BEGIN

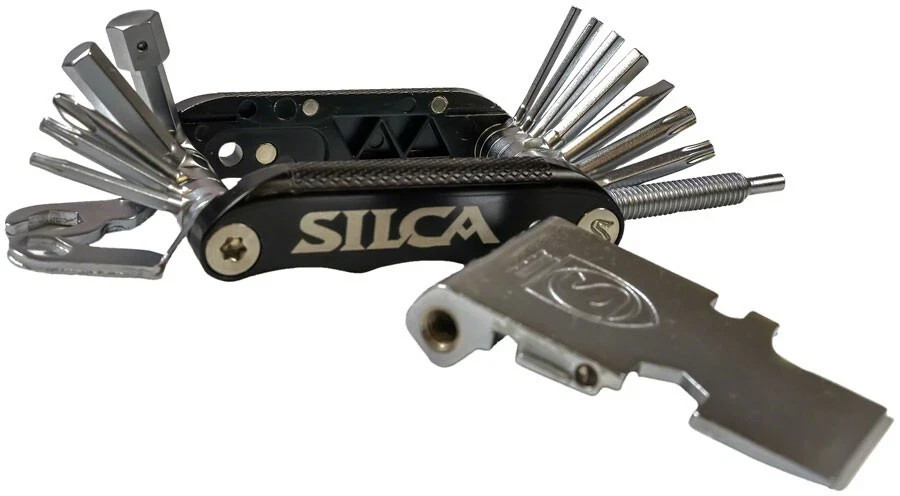 Silca Tool Italian Army Knife Multi Tool - Venti - 20 Tools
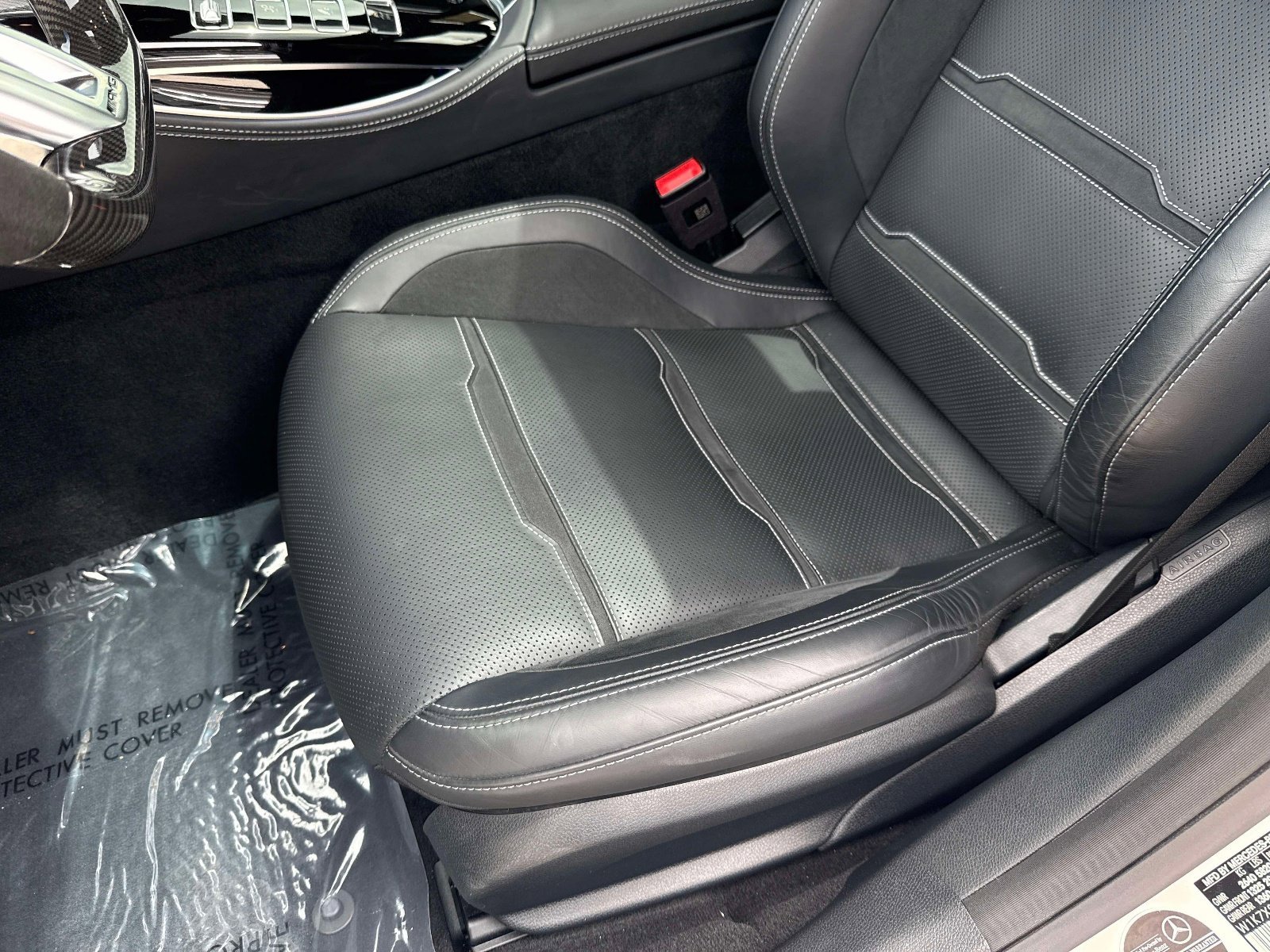 Certified Used 2023 MANUFAKTUR Cashmere White Magno Mercedes-Benz Base image 23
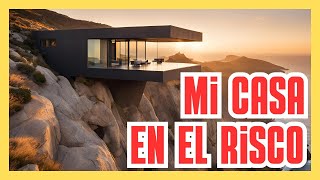 ✅Increíbles Casas Modernas Construidas al Borde del Abismo 2025 [upl. by Anitreb]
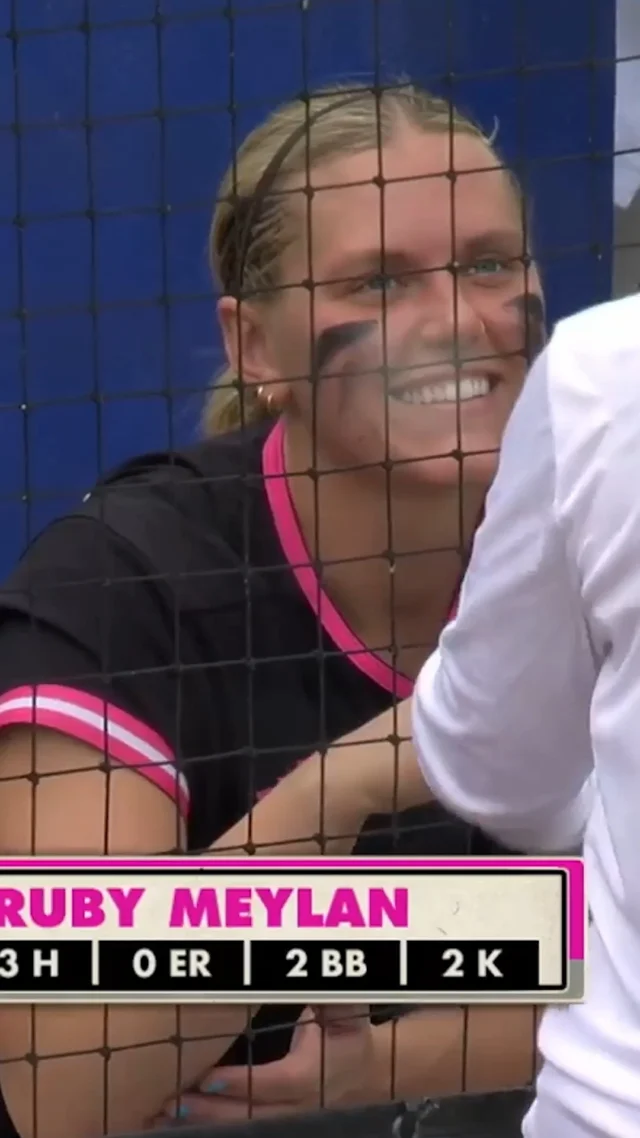 incredible performance from Ruby Meylan on the rubber ð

END

## The problem
Please restate, word for word, the lines from the one with "Certified Used 2023" through the final line of the material, both included, and omit the pictures.

## Result of the exercise
 Certified Used 2023 MANUFAKTUR Cashmere White Magno Mercedes-Benz Base image 23
 ✅Increíbles Casas Modernas Construidas al Borde del Abismo 2025 [upl. by Anitreb]
 incredible performance from Ruby Meylan on the rubber ð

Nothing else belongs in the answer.